Some of my more conservative readers who have complained about the images I've taken a hammer to in the past will be surprised to note that I read columnists such as George Will, of the Washington Post and columnists equally on the other side of the ideological fence. In fact, Will has likely peeked over that fence a few times in recent months when he has cited a few slightly left-of-middle ideas. His Jan. 11, 2009 column was not only quite on point, but also humorous in what it told.
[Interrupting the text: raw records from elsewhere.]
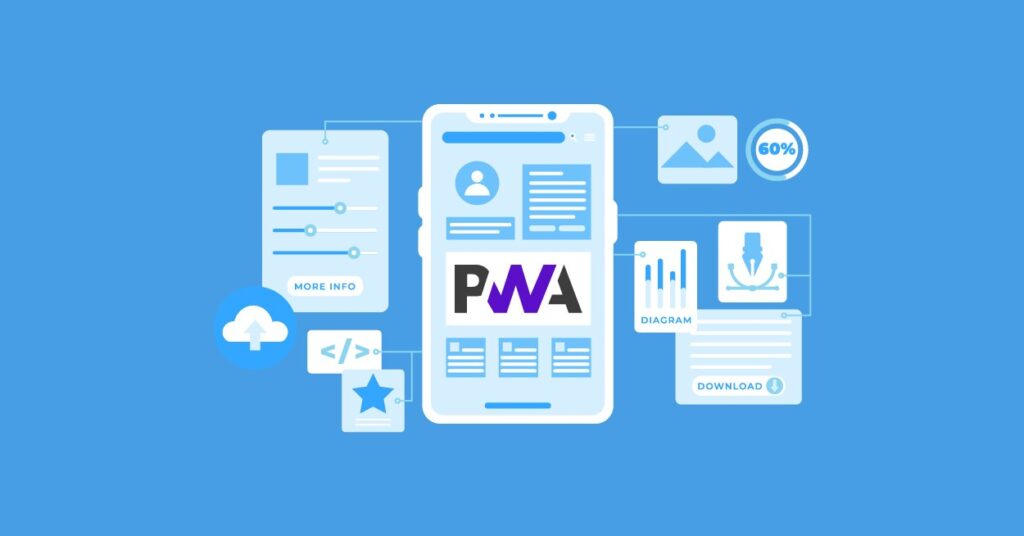 Зображення PWA в арбітражі трафіку: як працюють і для яких офферів підходять 4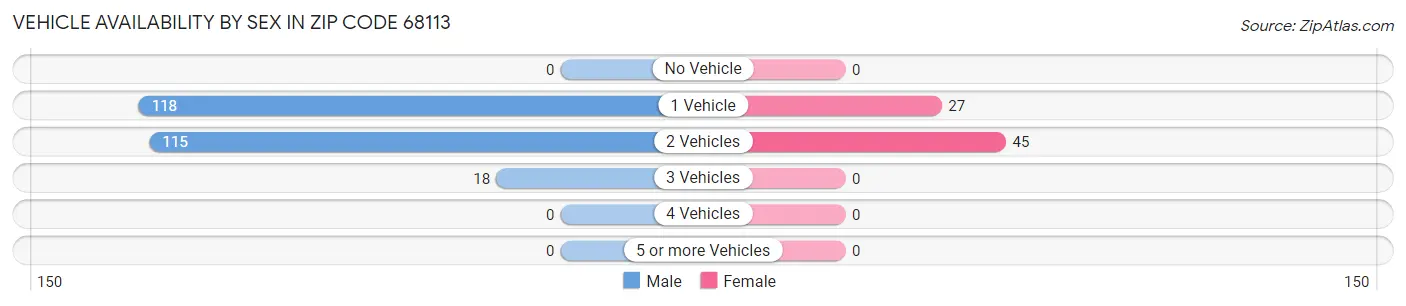 Vehicle Availability by Sex in Zip Code 68113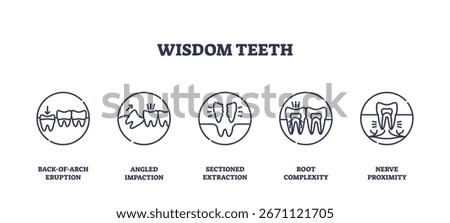 Wisdom teeth icons outline shows different extraction scenarios with teeth, arrows, and jawbone, illustrating dental issues. Outline icons set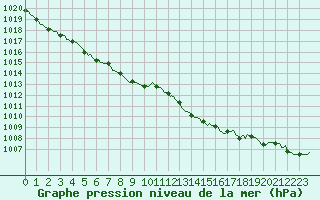 Courbe de la pression atmosphrique pour Bziers-Centre (34)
For example, he mentioned a ferocious 40-pound, five-year-old kindergartener who was led off in handcuffs by Florida police in Broward County because the child was “disorderly.” As Will explained, “No official at the Florida school would put a restraining arm around the misbehaving child lest he or she be sued, as a young member of Teach for America was, for $20 million … because the teacher put a hand on the back of a turbulent seventh grader to direct him to leave the classroom.” He continued, “A 2004 survey reported that 78 percent of middle and high school teachers have been subjected to legal threats from students bristling with rights. Students, sensing the anxiety that seizes schools when law intrudes into incidental relations, challenge teachers' authority.”

He cited a statistic that “Broward County had settled 189 playground [injury] lawsuits in five years,” causing the county to actually outlaw recess.

“So now in front of televisions and computer terminals sit millions of obese children [no longer permitted a playful recess], casualties of what attorney and author Philip Howard calls 'a bubble wrap approach to child rearing,' produced by the 'cult of safety,'” Will concluded.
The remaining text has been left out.